President Obama is spending time in California, but he’s not in the Golden State for R & R. He’s raising money for his Democratic colleagues and simultaneously mending his relationship with them after focusing on his own campaign in 2012.

The president won’t face voters again, but his fellow Democrats will. If Obama intends to pass the presidential baton to a Democratic successor, then boosting the economy and safeguarding the United States are top priorities.

But there are some troubling signs for the president on those fronts. Here are three that could cause Obama some political heartburn.

Marquricia Murray with her daughter Eleana Orta at a job fair in Miami. (AP Photo/Lynne Sladky)

1. The Economy: Unemployment claims have hit a four-month high, according to the Labor Department.  In raw terms, claims jumped to 385,000, an increase of 28,000 over the previous week’s figure. Here’s the Associated Press on why this could be happening:

“Applications are a proxy for layoffs. The recent increases could suggest that companies are cutting jobs, possibly because of steep government spending cuts that began on March 1. Other reports have pointed to that possible trend, although most economists have said that any reductions are likely temporary.”

The March unemployment rate came out Friday, and it wasn't pretty. The US economy added 88,000 jobs in March, falling well short of expectations, while the unemployment rate dropped to 7.6%. There are other perilous signs about the economy for the president. Economic confidence is at its lowest point since December and the underemployment rate, a combination of the unemployed plus people who are employed part-time but looking for full-time work, is at 17.6 percent, according to a pair of recent Gallup surveys. Plus, at this point in his second term, Obama can't blame George W. Bush for economic stagnation.

North Korean army officers rally in downtown Pyongyang. (AP Photo/Jon Chol Jin)

2. North Korea: The reclusive regime's saber rattling is growing louder and with it the political risk for the president.
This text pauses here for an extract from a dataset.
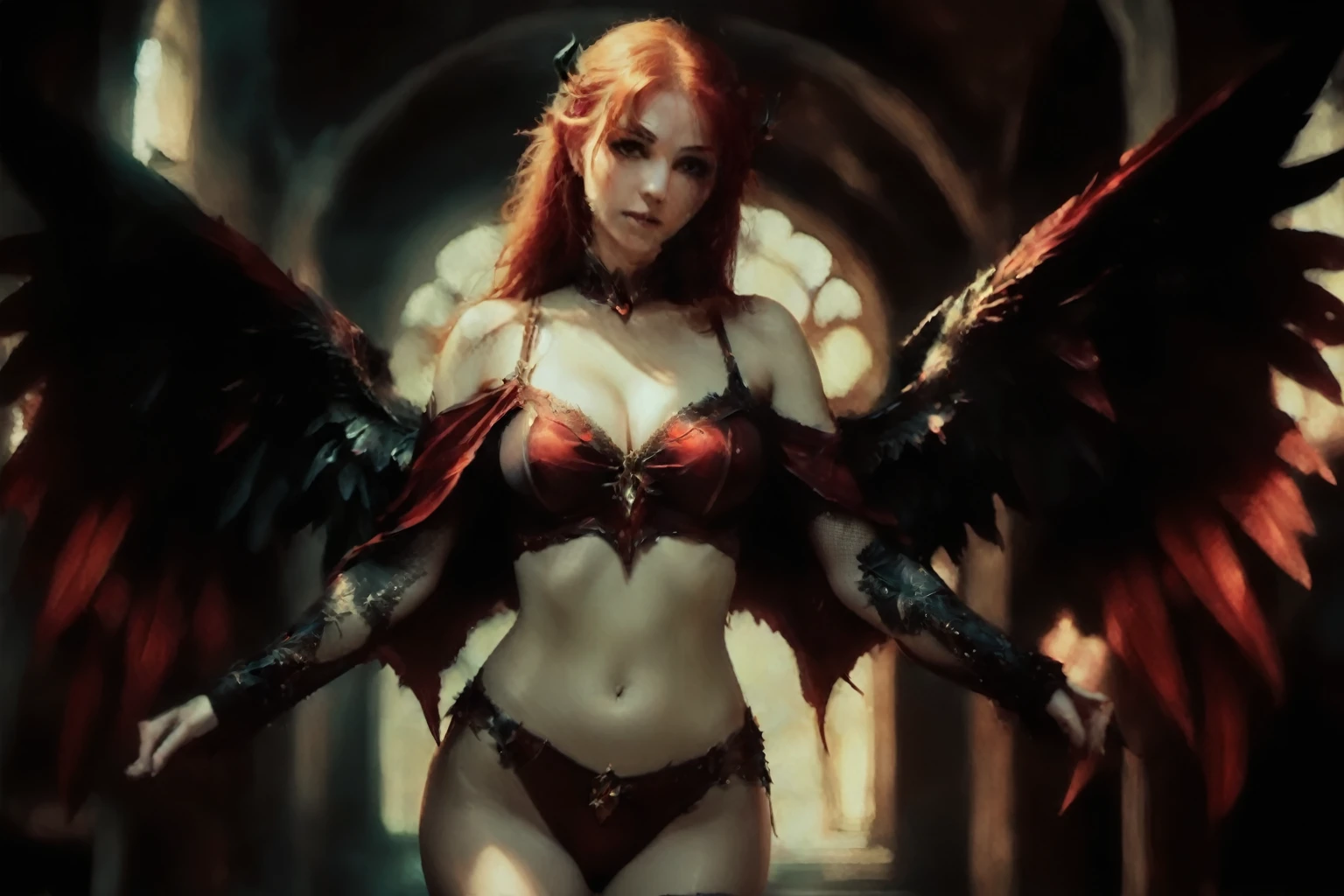 arafed woman with red hair and wings in a dark room, beautiful succubus, succubus | medieval, raven winged female vampire, succubus, diablo 4 lilith, succubus in tight short dress, gothic fantasy art, villainess has black angel wings, lilith, beautiful elegant demon queen, cinematic goddess body shot, epic fantasy art style hd, ((UHD, masterpiece, textured skin, super detail, award winning, best quality, highres, 4K))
As you’d expect, Republicans criticize the president’s strategic patience, but anything that can be cast as reticence to act in the face of North Korea’s belligerence carries political risk, especially when considering that 83 percent of Americans say the regime’s nuclear weapons are a critical threat.

But the administration seems to be doubling down on its strategic-patience approach. Just this week, as Kim Jong Un authorized North Korea’s military to use nuclear weapons against the United States after the U.S. deployed stealth bombers to the South, the Pentagon is now saying it will tone down its rhetoric. "We accused the North Koreans of amping things up; now we are worried we did the same thing," one Defense Department official said, according to CNN

The Affordable Care Act is still a political lightning rod, even as it's being implemented. (Richard A. Bloom)
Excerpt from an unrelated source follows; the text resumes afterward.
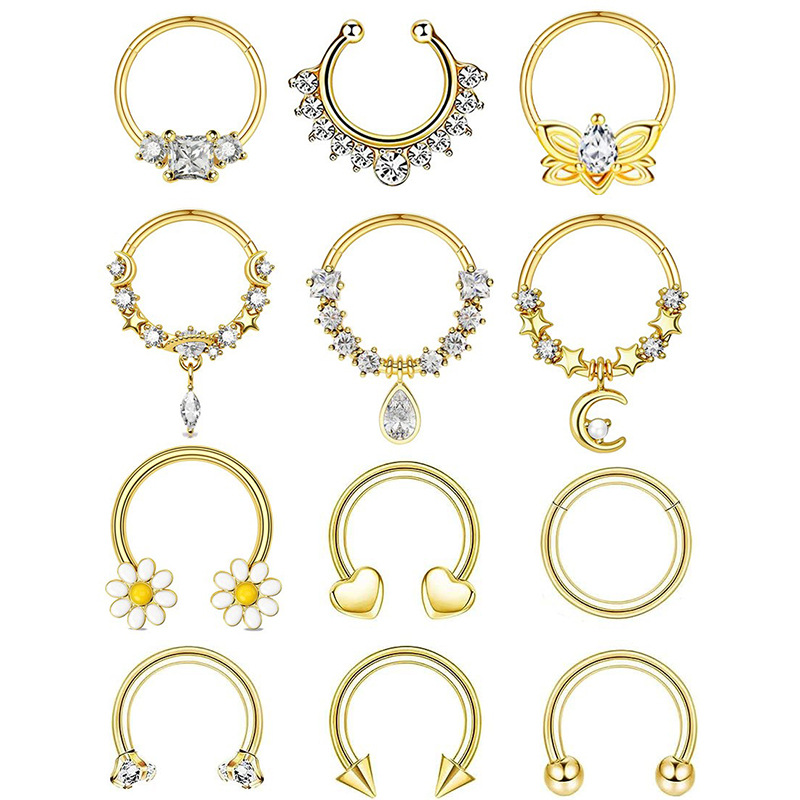 Amazon Hot Sale Nose Ring Set Stainless Steel Micro Inlaid Zircon Chrysanthemum Nose Ring Trend Puncture Nose Nail 12-Piece Set - Image 4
3. Obamacare: Obama's health care law will be a huge part of his legacy, and as its provisions begin to take effect, he has a lot on the line. While the president is betting the legislation will help insure more Americans, his critics are banking on a worst-case scenario in which red tape and higher rates could fuel a political backlash for Democrats. A CNN/ORC poll conducted in November showed 51 percent of Americans opposed the law while only 42 percent favored it. A Gallup survey conducted after the Supreme Court’s ruling to uphold most of the law showed that 46 percent of Americans—a plurality—thought the legislation would be harmful to the economy.